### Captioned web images
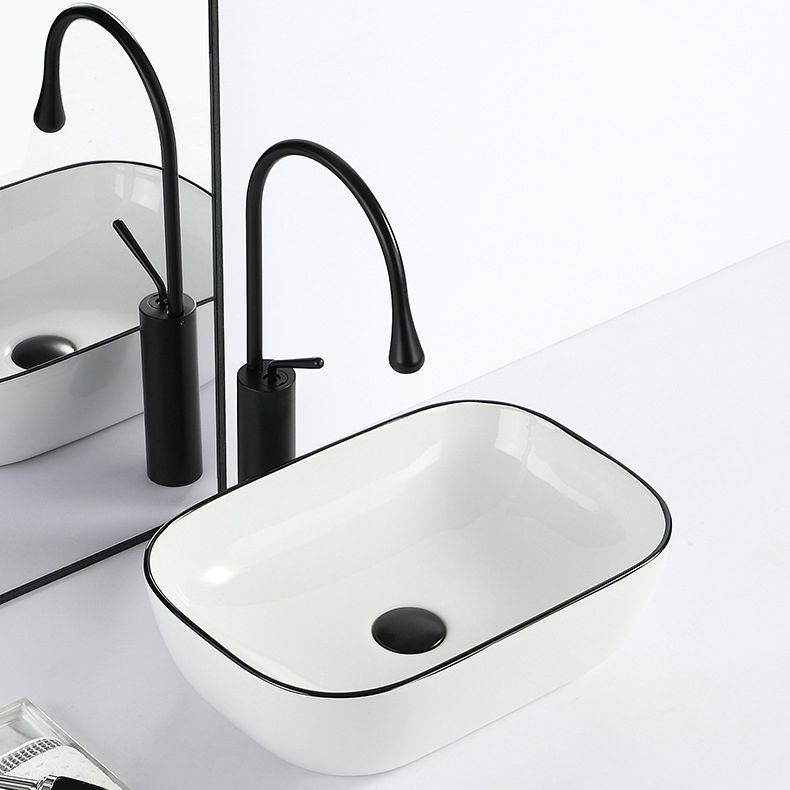 Contemporary Bathroom Sink with Pop-Up Drain Porcelain Rectangular Vessel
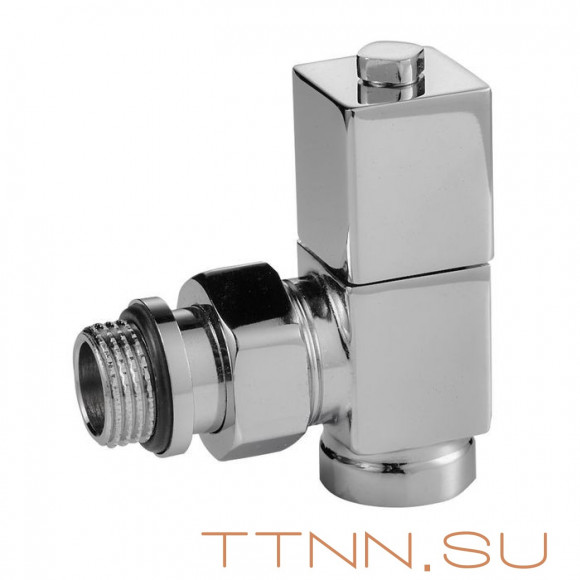 Набор вентелей Royal Thermo CUBE, УГЛОВОЙ, (2 шт) хром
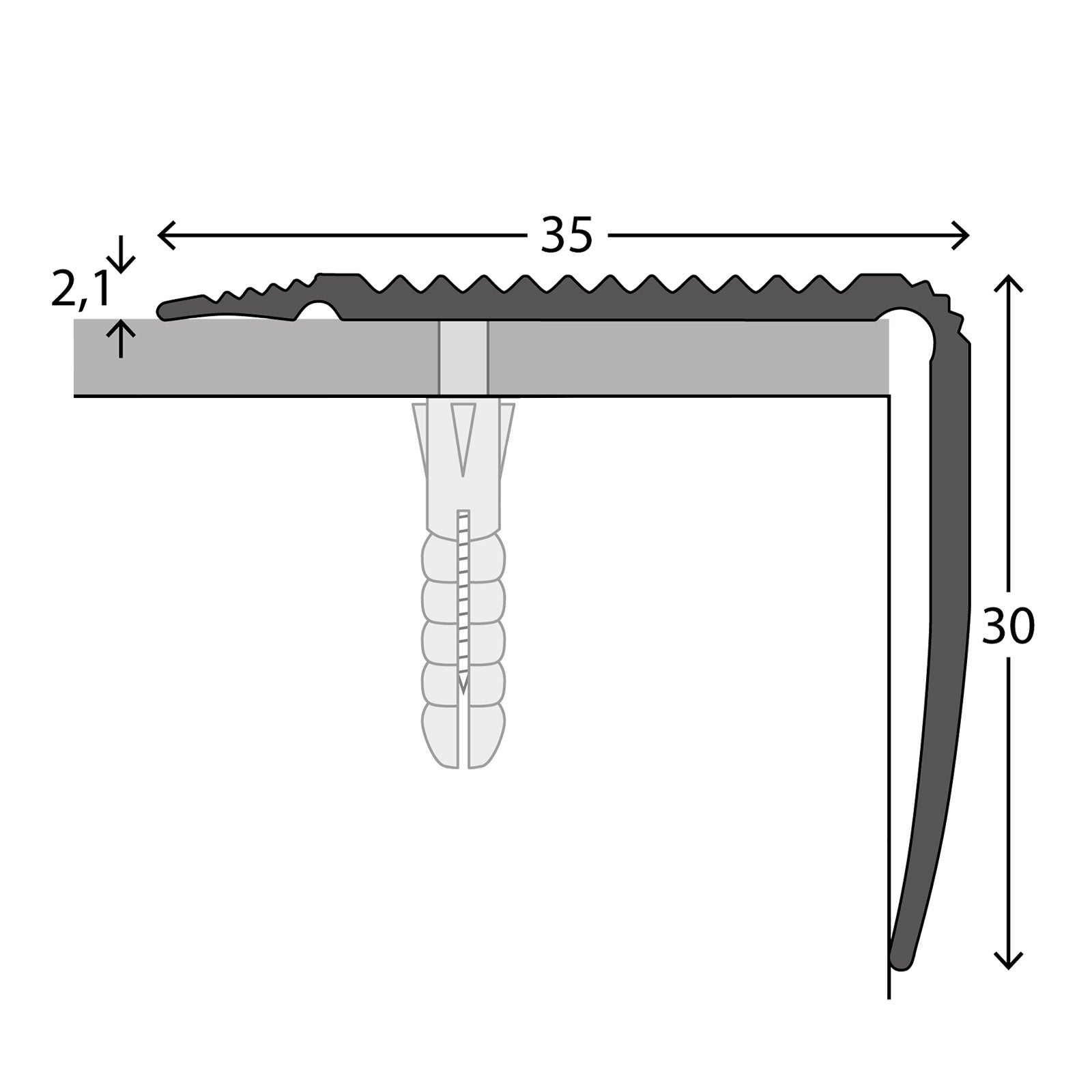 Stair front edge profile | NOVA | Aluminum | Pre-drilled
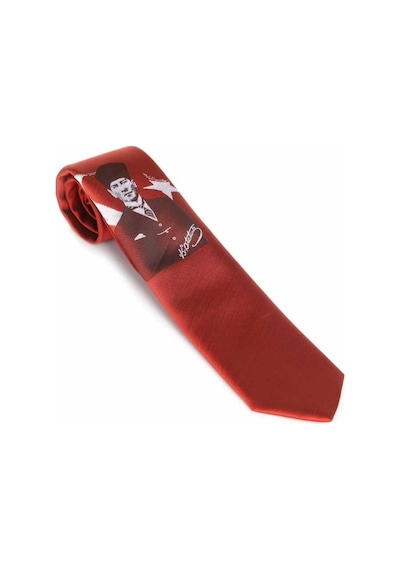 Gaffy Atatürk ve Imza Desenli Dokuma Kırmızı Kravat - Ak-14 (541368437) Kırmızı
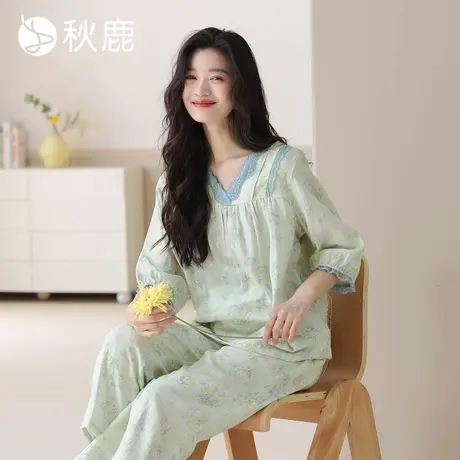 秋鹿双层纱布梭织纯棉抑菌睡衣女士春夏蕾丝花边碎花七分袖家居服商品大图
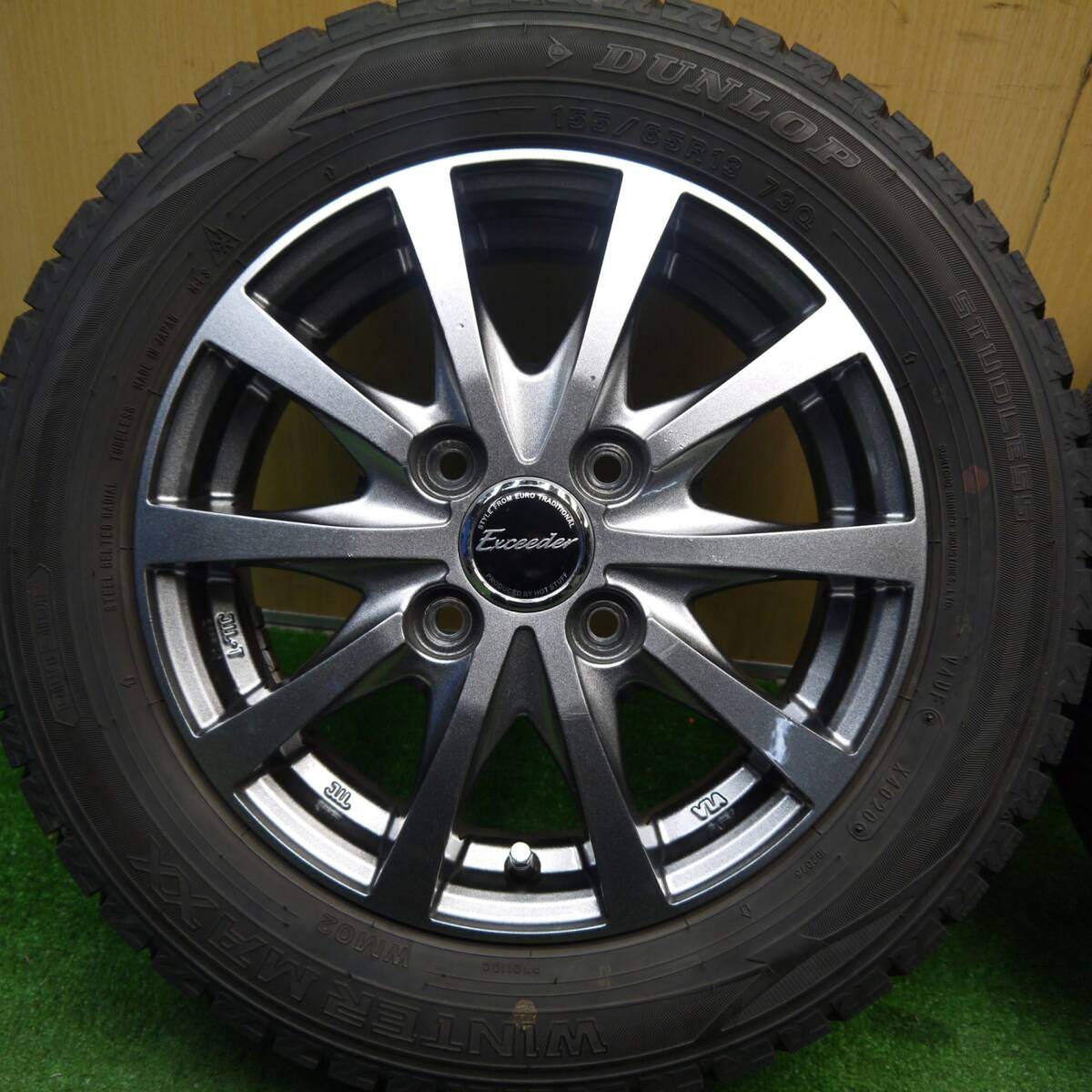 バリ溝！キレイ！9.5分★スタッドレス 155/65R13 ダンロップ ウインターマックス WM02 Exceeder エクシーダー 13インチ PCD100/4H★5031810Hス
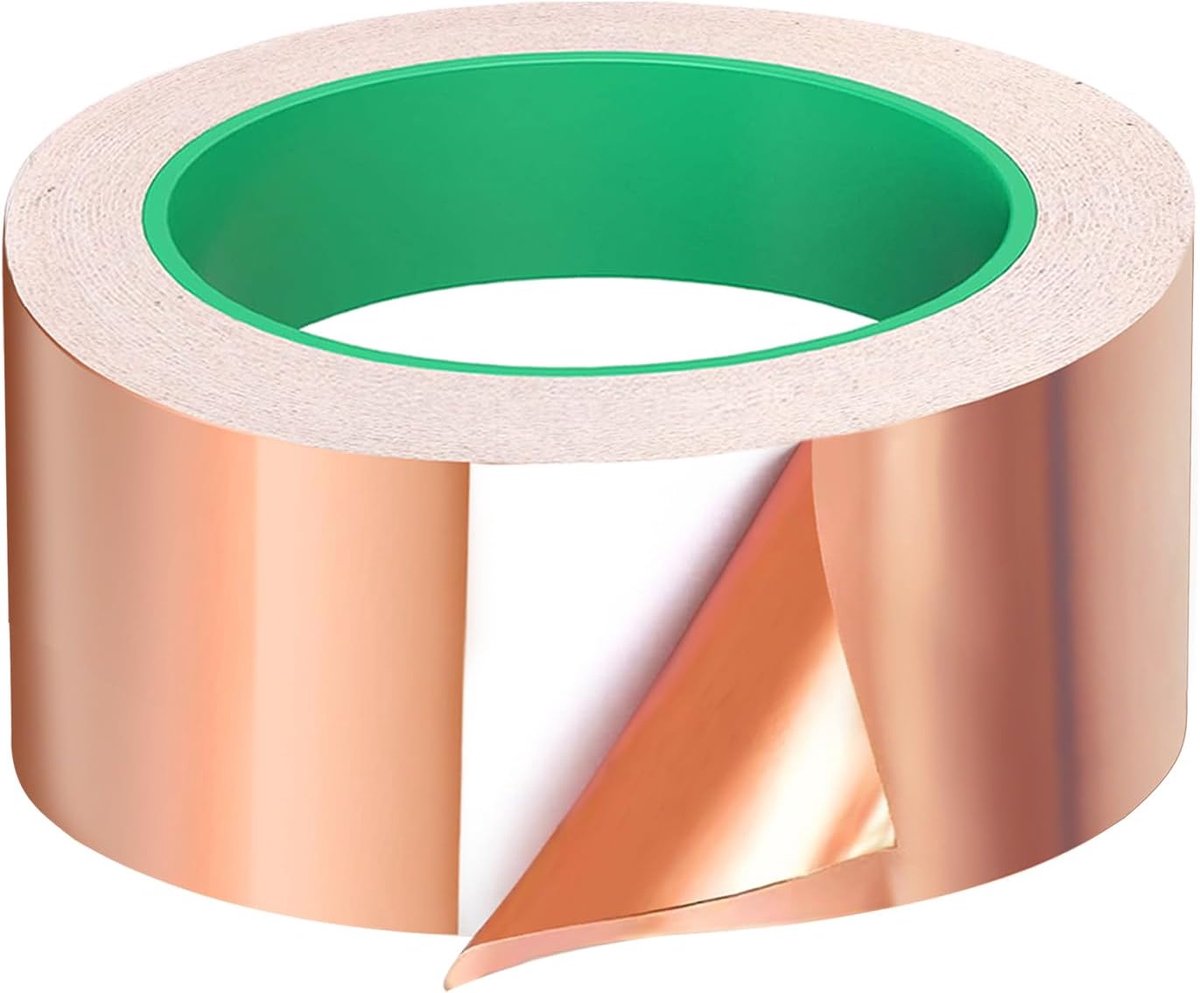 Zelfklevend 20m x 50mm Tegen Slakken & EMI Afscherming | Dubbelzijdig geleidende koperfolie voor gitaar & tuin. Weerbestendig, sterke kleefkracht voor reparaties & DIY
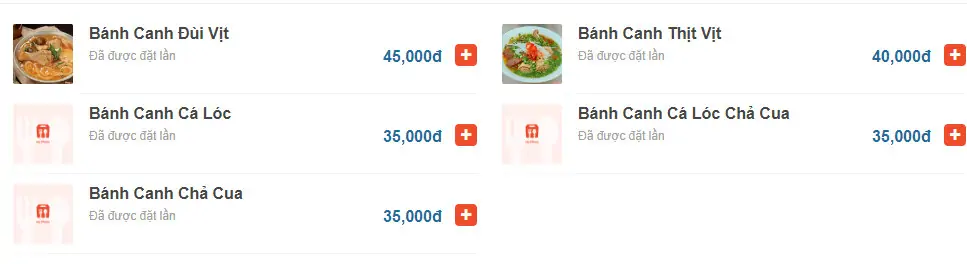 Top 10 quán bánh canh cá lóc Đà Nẵng thơm ngon, chuẩn vị 40 Menu tham khảo của quán Mợ Diệp:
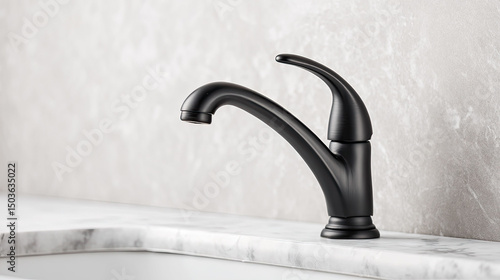 Black kitchen faucet on marble countertop with gray wall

### Aim of the exercise
Although pictures appear among the records above, none are to be output; print exactly the lines from the line containing "Stair front edge" through the line containing "Zelfklevend 20m x".

### Solution to the exercise
 Stair front edge profile | NOVA | Aluminum | Pre-drilled
 Gaffy Atatürk ve Imza Desenli Dokuma Kırmızı Kravat - Ak-14 (541368437) Kırmızı
 秋鹿双层纱布梭织纯棉抑菌睡衣女士春夏蕾丝花边碎花七分袖家居服商品大图
 バリ溝！キレイ！9.5分★スタッドレス 155/65R13 ダンロップ ウインターマックス WM02 Exceeder エクシーダー 13インチ PCD100/4H★5031810Hス
 Zelfklevend 20m x 50mm Tegen Slakken & EMI Afscherming | Dubbelzijdig geleidende koperfolie voor gitaar & tuin. Weerbestendig, sterke kleefkracht voor reparaties & DIY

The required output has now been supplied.